Спрашивал старик. Я тоже не был молодым человеком.
— Так, ничего.
— Вот и я ничего. Ничего не написано, а я читаю. Вас интересует, что именно я читаю? Я читаю то, что сам написал.
— И что же вы написали?
— Ничего особенного. Можно было придумать лучше, но я написал только несколько слов: «Марта, ключ у Нухимзонов». В тот момент было важно, чтоб она знала, где ключ, иначе бы она не попала в квартиру.
— Вы сказали: Марта?
— Да. Марта. Это имя моей жены.
— Удивительно. Мы здесь тоже писали Марте. На этом памятнике.
— Кто это — вы?
— Трое мальчиков. Это было еще до войны. Мы написали здесь: «Марта, мы тебя любим».
— Все трое?
— Ну да. Мы тогда учились в четвертом классе. Мы и дружили потому, что все вместе любили Марту.
— И она прочитала ваше объяснение?
— Нет, наверно. Да и откуда она могла знать, что это мы ей написали? Но для нас это было неважно. Важно было написать. Может быть, даже важней, чем сообщить о ключе у Нухимзонов.
— Конечно, конечно. Если б не то, что я уходил на фронт. Мы должны были встретиться, но я ее не дождался. Даже проститься не успел…
— Извините… — Мы оба были смущены. Один Воронцов держался невозмутимо.
— За что извинить вас, молодой человек?
— Глупо все это — наши ребяческие забавы…
— Разве ж это забавы?
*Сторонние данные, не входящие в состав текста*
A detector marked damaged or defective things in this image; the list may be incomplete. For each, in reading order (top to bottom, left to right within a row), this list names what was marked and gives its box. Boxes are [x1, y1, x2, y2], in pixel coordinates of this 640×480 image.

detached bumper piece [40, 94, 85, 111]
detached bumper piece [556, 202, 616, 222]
Это любовь.
— В четвертом-то классе?
Я изо всех сил старался стереть нашу надпись и оставить только его: «Марта, ключ у Нухимзонов». Но ничего ни стереть, ни оставить было нельзя, обе надписи давным-давно не существовали.
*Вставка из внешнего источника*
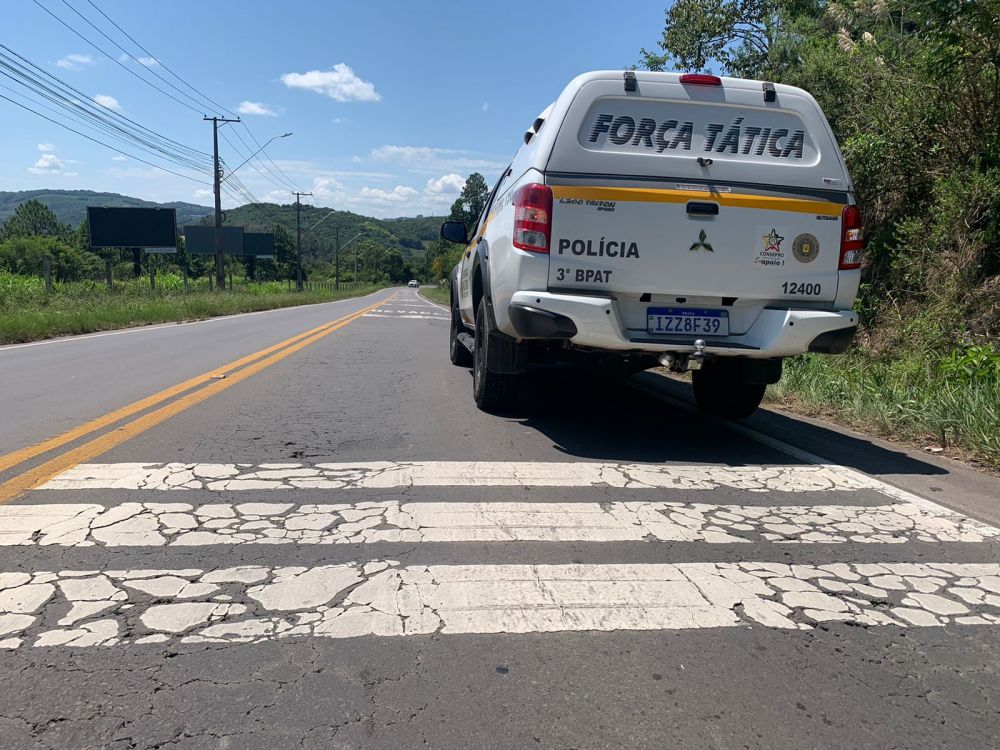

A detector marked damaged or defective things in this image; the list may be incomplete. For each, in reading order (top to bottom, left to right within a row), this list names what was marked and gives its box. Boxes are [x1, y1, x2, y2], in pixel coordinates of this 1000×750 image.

cracked asphalt road [1, 286, 1000, 748]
— Ну и как, жена ваша взяла ключ?
— Не знаю. Мы с ней больше не виделись. Сначала я не дождался, потом она не дождалась.
— Извините…
— Вот так бывает всегда: извиняются не те, которые должны извиняться… Если б я написал ей то, что написали вы…
Как будто мы говорили об одной Марте. О начале ее жизни и продолжении. И конце. Перед нами была одна жизнь, сложенная из кусков разных жизней.
— Теперь уже ничего не узнать… И ее не осталось, и Нухимзонов не осталось…
Он помолчал. И вдруг улыбнулся:
— А это вы хорошо придумали — любить втроем. Любить одному слишком непосильно для человека.
ВОЛОДЯ И ХИЖНЯК
Их оперировали в один день. Хижняк прозрел, Володя остался в прежнем положении. Володе было двадцать восемь, Хижняку шестьдесят, и, конечно, он испытывал некоторую неловкость.
— Воно б молодому, звычайно, а мени що… Я вже надывився…
Но позорная радость, которую он пытался из деликатности скрыть, рвалась из него и его опровергала:
— Насмотрелся! Разве можно насмотреться на этот мир? И такой он, и сякой, а — нельзя насмотреться…
Он чувствовал себя виноватым перед Володей, хотя никакой его вины в этом не было. Просто у него оказались целее глаза, у него не было производственной травмы, а была обычная катаракта, которая не представляет для врачей трудности. И все равно он не мог спокойно смотреть на Володю. Для того ли ему вернули зрение, чтобы смотреть на человека, которого оставили слепым? Тем более, что человек этот еще почти ничего в жизни не видел.